- _Your objective_
Exclude all pictures, then copy each of the records exactly as written.
---- Exercise data
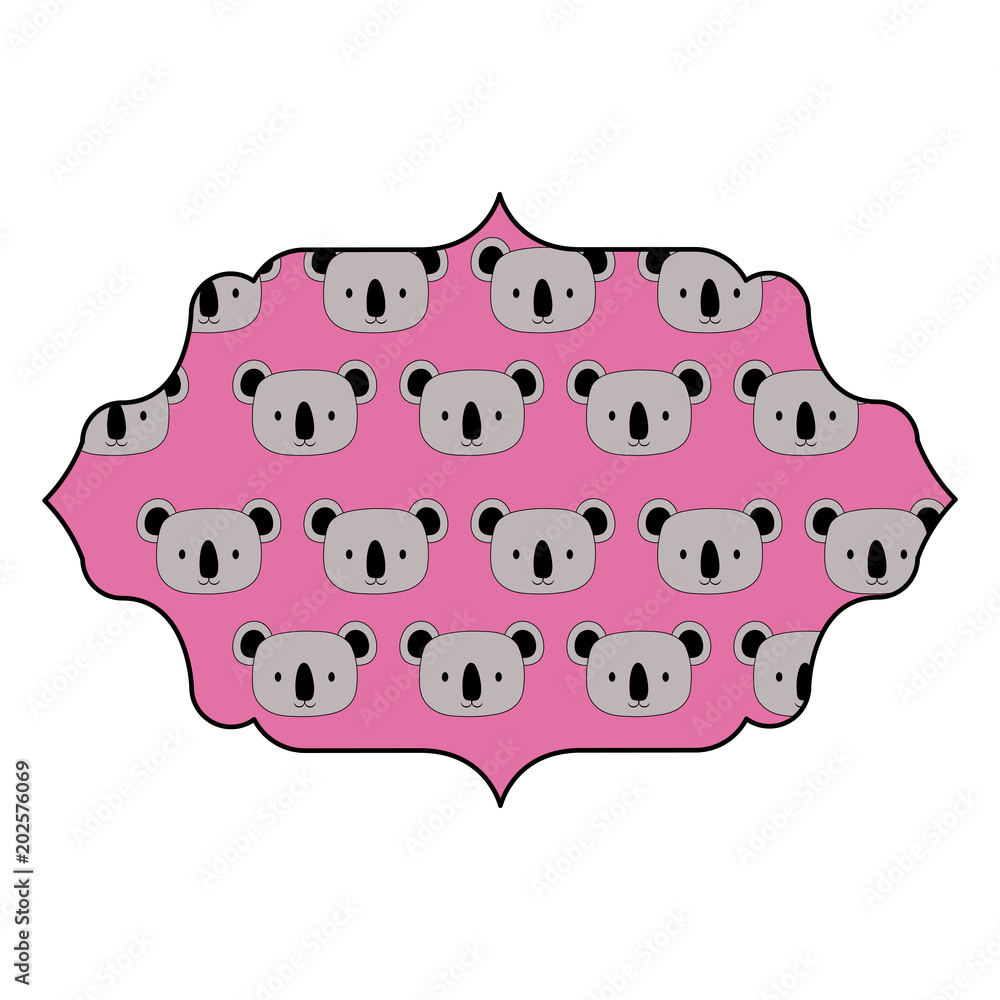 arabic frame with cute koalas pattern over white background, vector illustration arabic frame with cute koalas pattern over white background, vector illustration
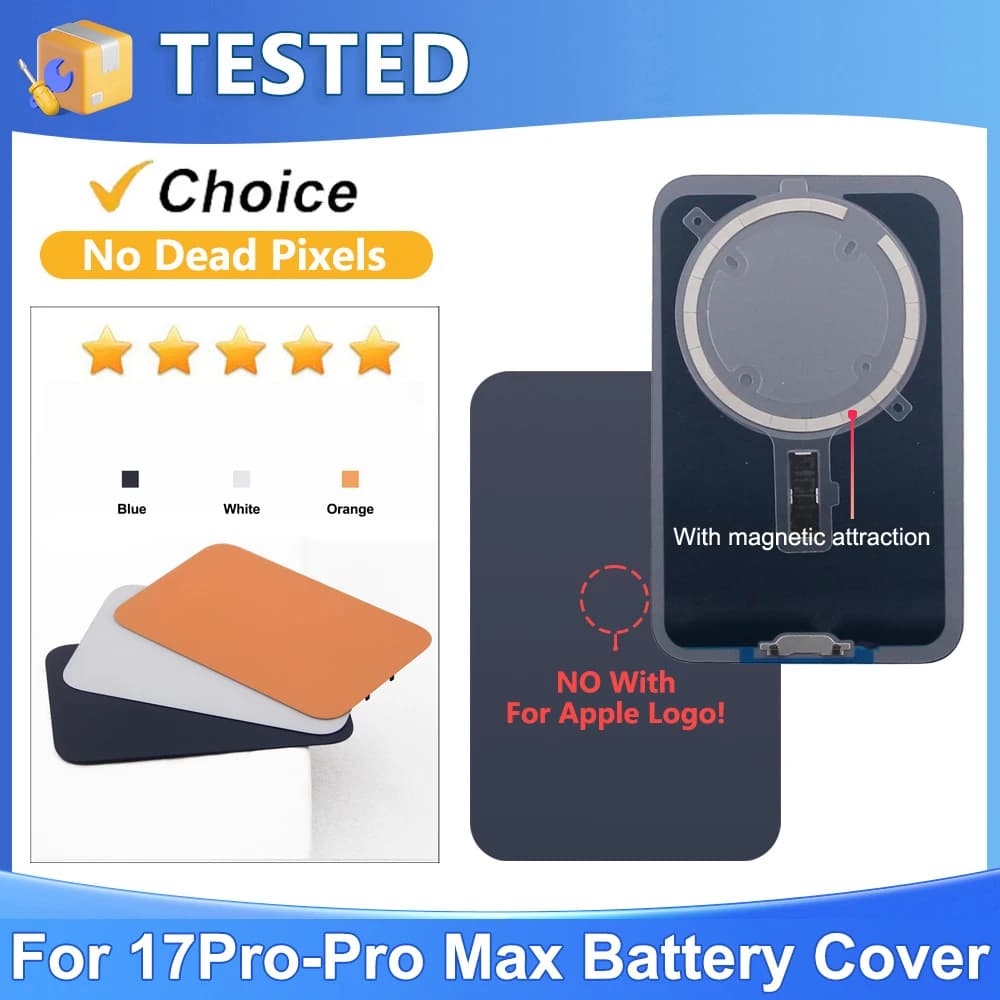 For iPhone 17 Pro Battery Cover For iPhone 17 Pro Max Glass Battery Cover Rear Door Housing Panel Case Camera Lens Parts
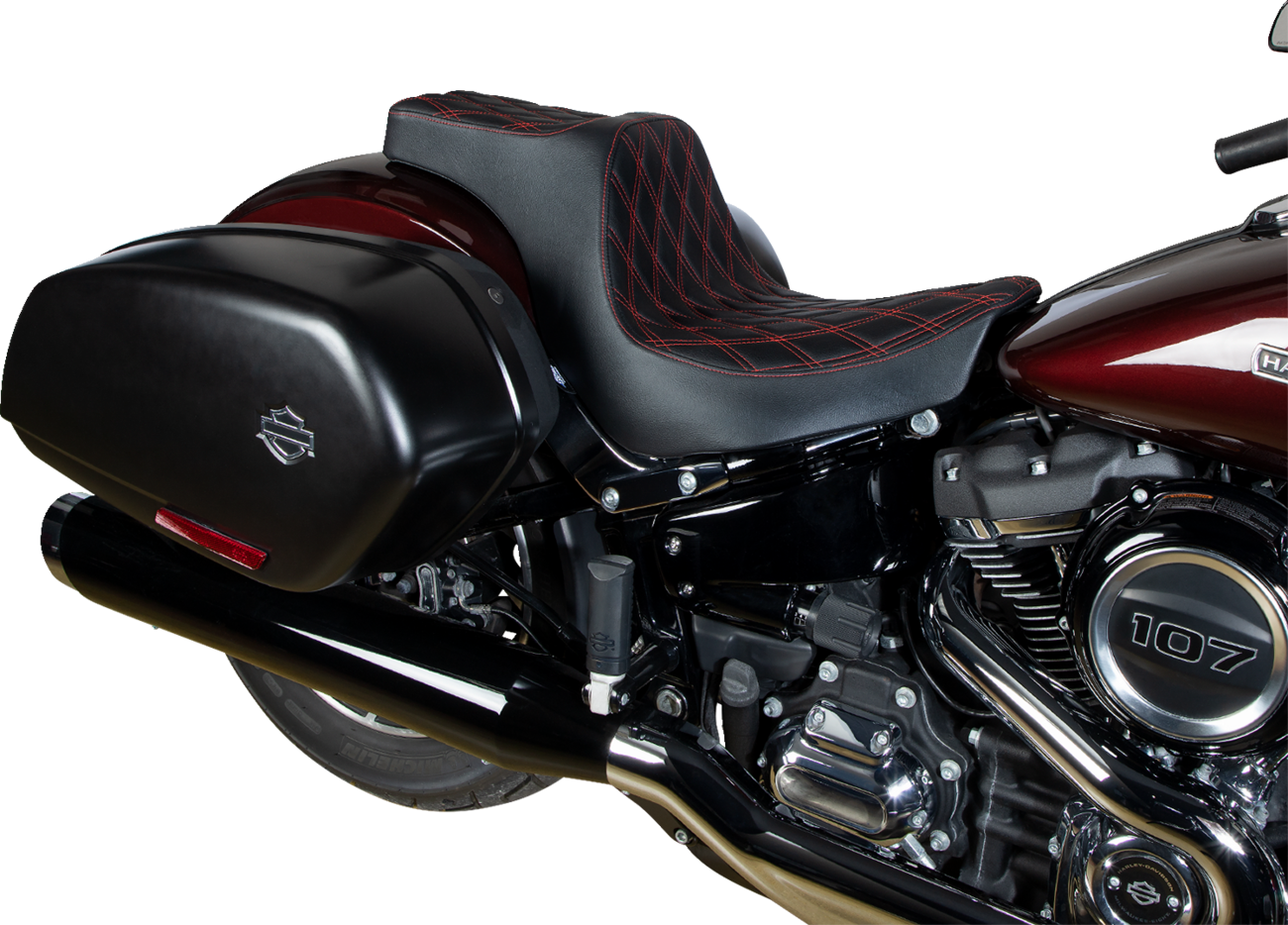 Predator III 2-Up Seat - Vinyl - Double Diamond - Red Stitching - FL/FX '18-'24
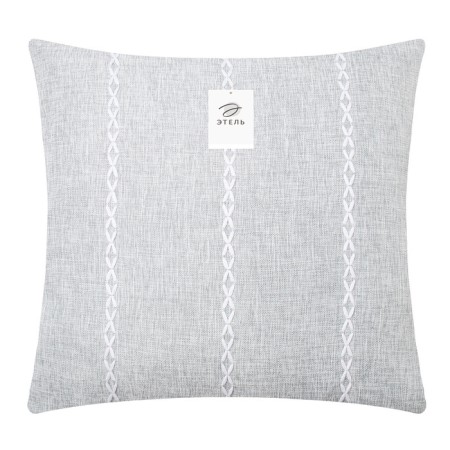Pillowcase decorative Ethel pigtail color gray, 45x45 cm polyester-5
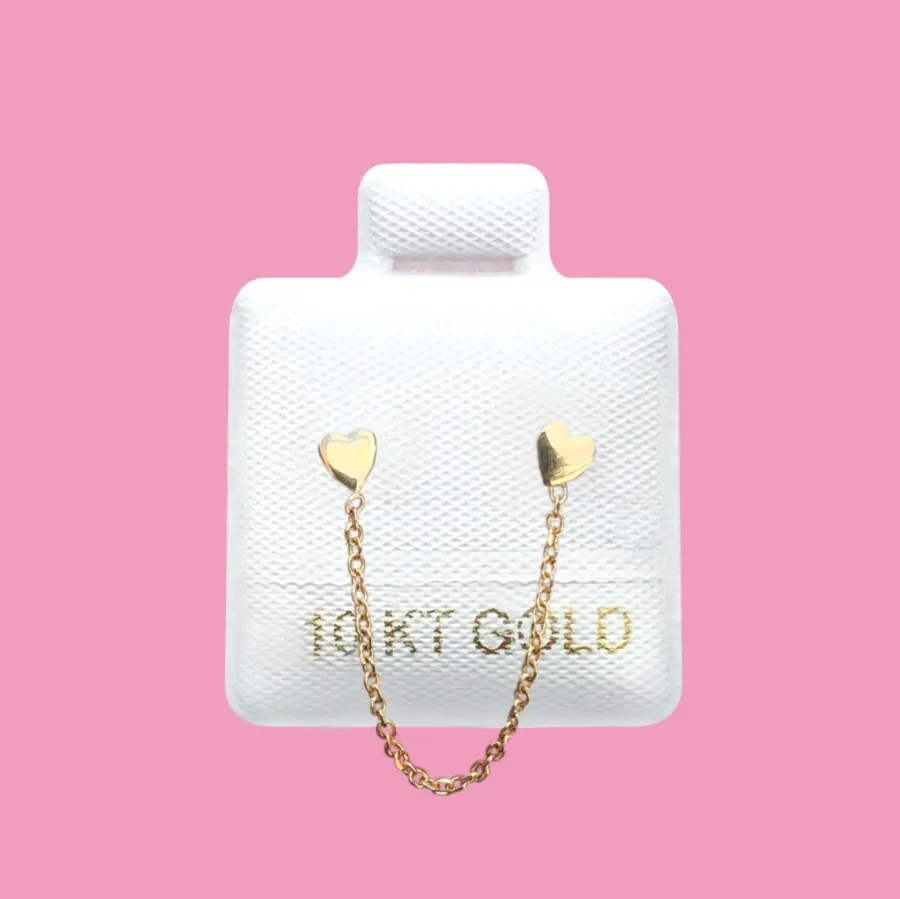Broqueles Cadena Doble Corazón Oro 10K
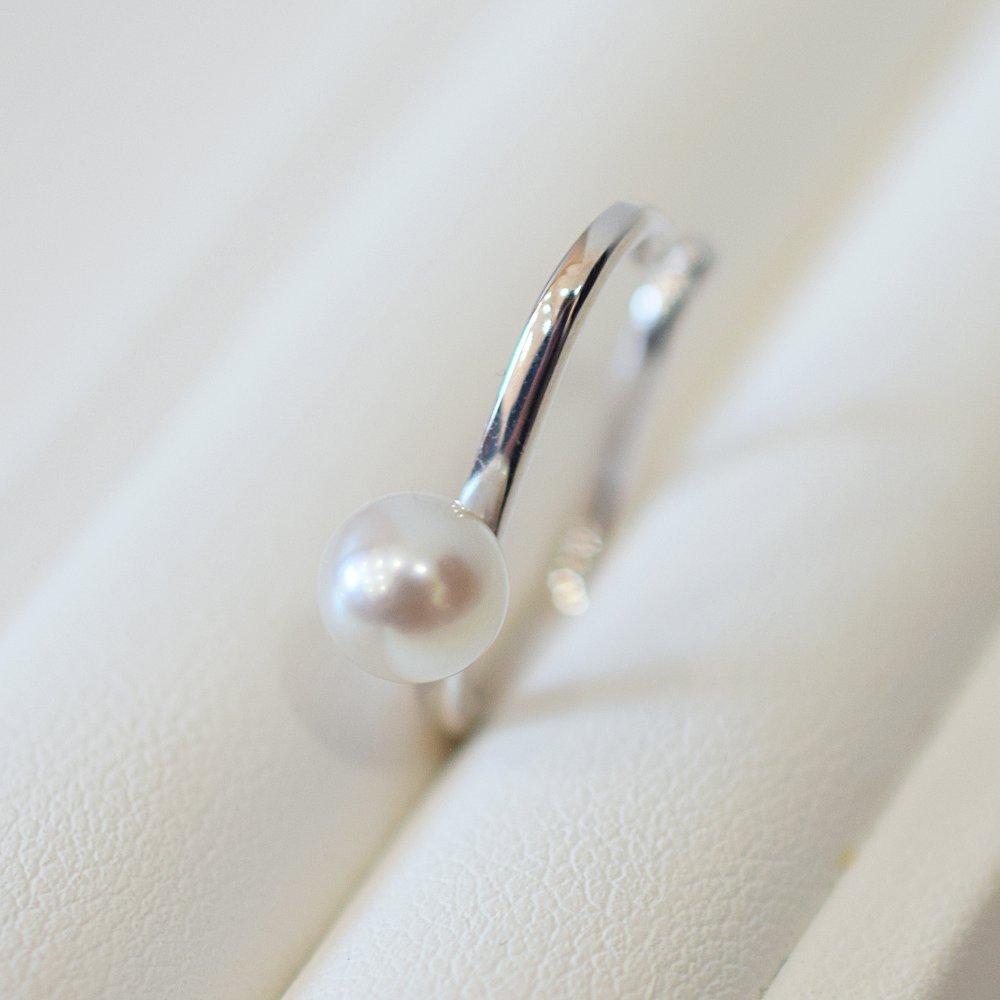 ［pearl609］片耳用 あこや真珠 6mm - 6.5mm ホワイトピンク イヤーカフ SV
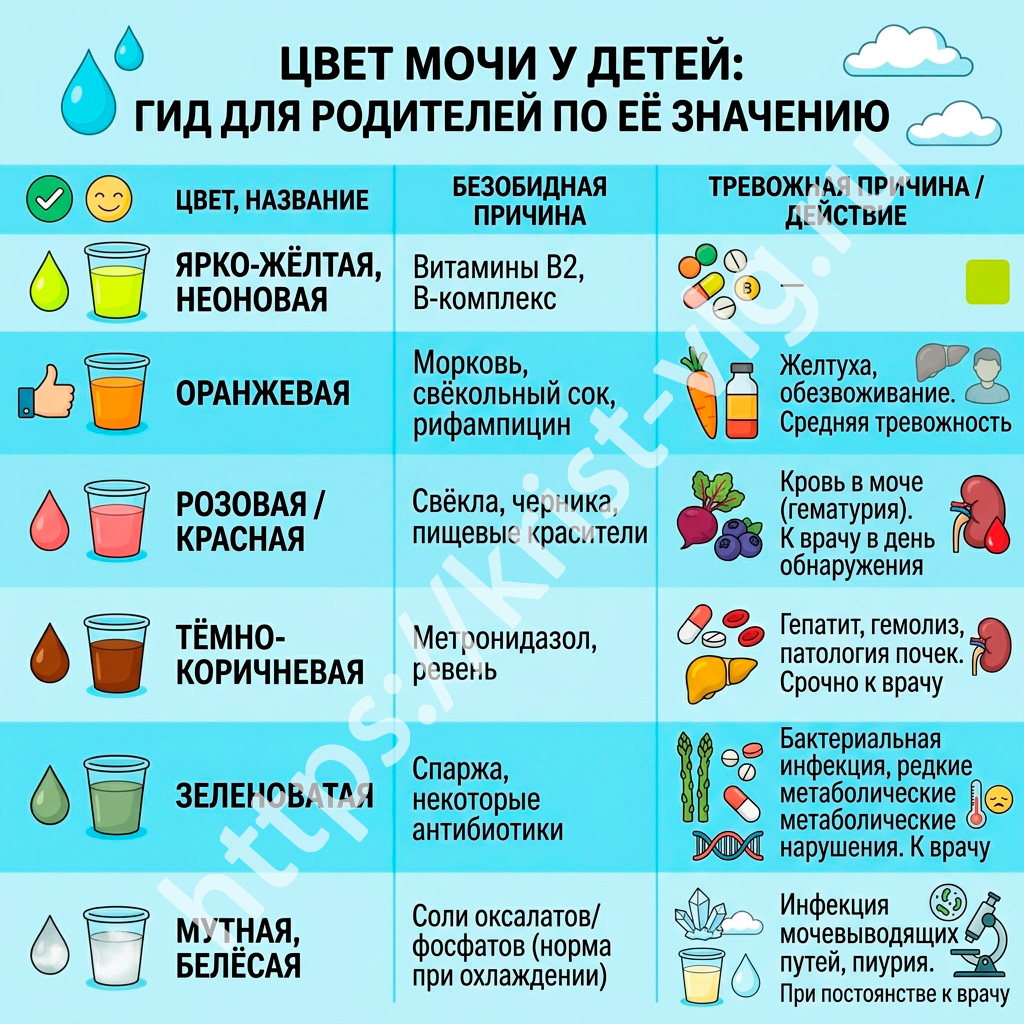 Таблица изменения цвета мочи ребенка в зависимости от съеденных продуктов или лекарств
--------
- _Exercise result_
 arabic frame with cute koalas pattern over white background, vector illustration arabic frame with cute koalas pattern over white background, vector illustration
 For iPhone 17 Pro Battery Cover For iPhone 17 Pro Max Glass Battery Cover Rear Door Housing Panel Case Camera Lens Parts
 Predator III 2-Up Seat - Vinyl - Double Diamond - Red Stitching - FL/FX '18-'24
Pillowcase decorative Ethel pigtail color gray, 45x45 cm polyester-5
Broqueles Cadena Doble Corazón Oro 10K
 ［pearl609］片耳用 あこや真珠 6mm - 6.5mm ホワイトピンク イヤーカフ SV
 Таблица изменения цвета мочи ребенка в зависимости от съеденных продуктов или лекарств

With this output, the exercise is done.